David Lean is considered a master filmmaker because of such movies as "The Bridge on the River Kwai," "Lawrence of Arabia" and "Doctor Zhivago." But he was a master long before those epics, as anyone who has seen his 1954 "Hobson's Choice" would know.
This black-and-white English comedy, set in the 1890s, stars Charles Laughton as Hobson, the drunken, arrogant proprietor of a prosperous village boot store. The plot is triggered by his effort to keep his three daughters from marrying because they are more valuable to him as unpaid housekeepers and store clerks.
But the eldest daughter (Brenda de Banzie), who seems destined to become an old maid, outwits her father.

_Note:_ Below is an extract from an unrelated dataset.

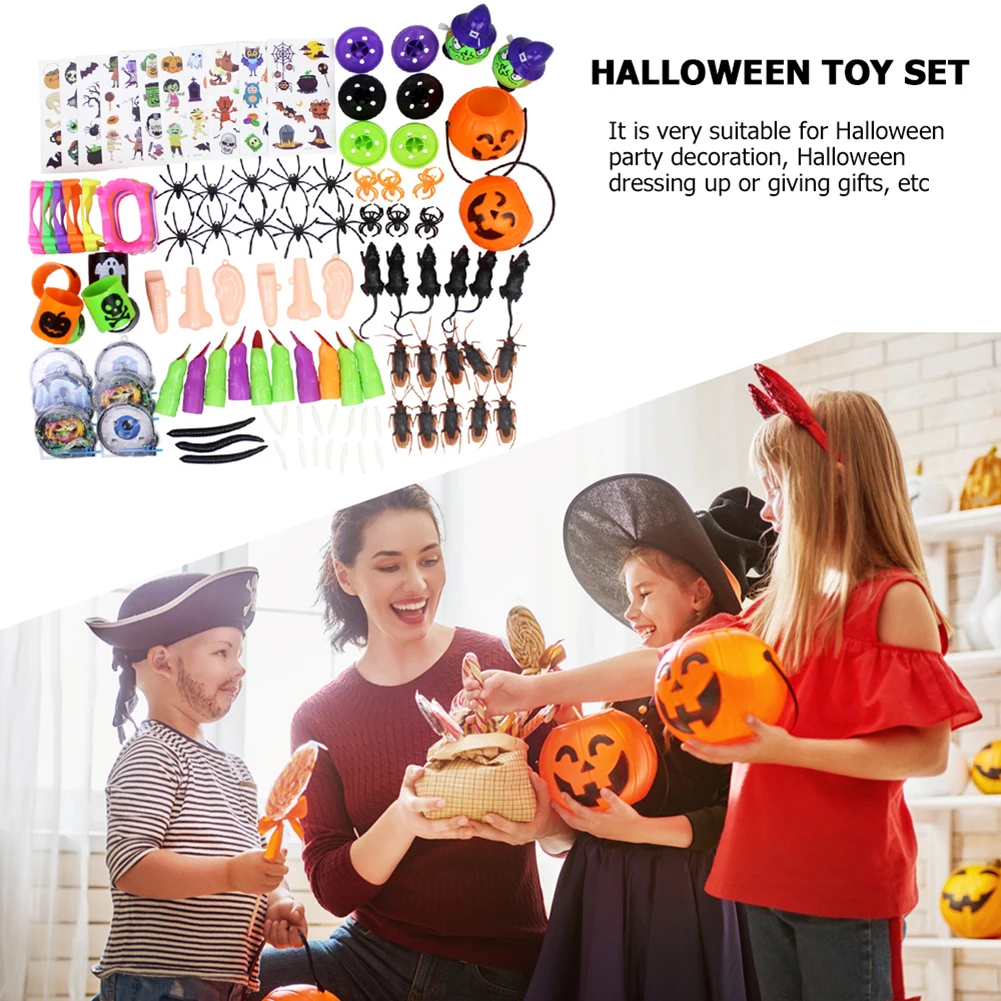 

120pcs Creative Tricky Toy Set Abundant Coloful Prank Spoof Halloween Party Toys Decoration Dressing up Props Kids Adult Gifts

She persuades his best cobbler (John Mills) to marry her, and they set up a competing boot store that rapidly begins to put her father out of business. This fairy tale with Dickensian overtones unfolds so cleverly and amusingly that you feel like cheering when these underdogs force Hobson to his choice.
Although Laughton's drunk scenes are wildly hilarious, the chief pleasure is watching the transformation of de Banzie and Mills from a Plain Jane and Mister Meek to a successful team, both as business partners and as a love match.
Together with Lean's fluid storytelling style, they make this intimate and endearing period piece a consummate family entertainment.
"Hobson's Choice" (1954), directed by David Lean. Based on a Harold Brighouse play. 107 minutes. Not rated.